Divers problèmes peuvent être résolus ainsi, par exemple calculer
la durée du jour en fonction de la date et de la latitude, et
expliquer le climat local en fonction des variations du rayonnement
solaire. Ptolémée connaissait aussi la cartographie, c'est-à-dire
qu'il savait utiliser diverses projections, et à l'aide de ces
projections coniques modifiées, dont il utilisait les propriétés
mathématiques, il pouvait représenter la Terre sur des cartes
planes de façon à conserver l'information de la représentation
sphérique.
La géographie mathématique « moderne » n'est pas différente de
celle de Ptolémée, retrouvée dans les études de la Renaissance.
Il est possible de reconstituer les cartes de Ptolémée sur la
base des latitudes et des longitudes annotées pas lui dans la
Géographie pour environ 8000 localités, de l'Irlande au sud-est
asiatique.
Bizarrement, alors qu'Eratosthène fixait, avec une bonne approximation,
à 700 stades la longueur d'un degré de méridien, et que la même
mesure avait été reconnue un siècle plus tard par Hipparque, Marinus
et Ptolémée, au II siècle après J.-C., utilisèrent la mesure de
500 stades.
Un erreur aussi grossière ne pouvait provenir d'un nouveau calcul
indépendant, mais seulement d'une interprétation erronée des données
de l'Antiquité.

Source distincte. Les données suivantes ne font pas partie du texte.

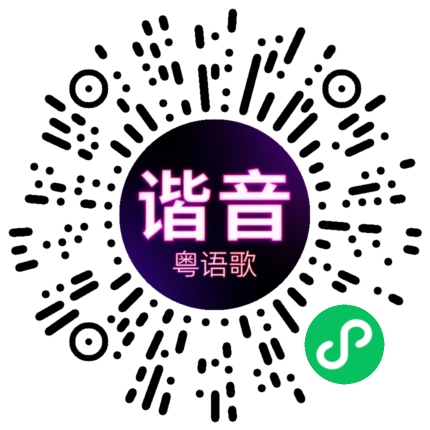 微信小程序专属太阳花码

Tant Marinus que Ptolémée cherchèrent à utiliser
les résultats d'une période dont des siècles les séparaient et
durant lesquels les recherches sur le sujet avaient été interrompues.
Les études à Alexandrie avaient été tragiquement interrompues
par les persécutions d'Evergète II en 145 avant J.-C. La Bibliothèque
fut conservée, ce qui constituait l'élément principal de continuité
entre la période de progrès scientifique et la reprise en âge
impériale. Après la persécution, la pénurie d'intellectuels était
toutefois telle qu'un certain Cyda, officier des lanciers, fut
nommé à la tête de la Bibliothèque, comme nous le révèle un papyrus.
L'on comprend facilement comment cette situation avait créé, à
l'époque impériale, cette dépendance passive aux écrits qui s'aggraverait
par la suite, et qui, parfois, sera attribuée même à la période
d'or de la science alexandrine, mélangeant ainsi des climats culturels
tout à fait différents.
On peut alors se demander pourquoi Marinus de Tyr et Ptolémée,
tout en connaissant la méthode utilisée par Eratosthène, ne purent
jamais refaire le calcul du méridien, en s'attachant en revanche
à interpréter faussement les données de l'Antiquité. Ici la réponse
est claire : c'était évidemment parce que, pouvant encore lire
l'œuvre d'Eratosthène, ils mesuraient toute la complexité de ses
relevés topographique qui n'était plus envisageables en régime
de politique "coloniale".
Ce fut l'erreur de Ptolémée sur la longueur du stade qui amena
Christophe Colomb, dont les connaissances géographiques étaient
fondées sur la Géographie, à sous-évaluer les dimensions de la
Terre.
L'erreur (concernant les dimensions de la Terre et non la superficie
des continents, laquelle avait été relevée avec une approximation
raisonnable par Ptolémée) influença par deux fois les calculs
de Colomb. Celui-ci, surévaluant l'extension en longitude de l'Eurasie,
sous-évalua les degrés de longitude qui séparaient, à l'ouest,
la péninsule ibérique de l'Asie ; en outre, il sous-évalua la
distance linéaire correspondant à la différence de longitude ainsi
établie. Il en résulta que la distance à parcourir était estimée
à environ la moitié de la distance effective.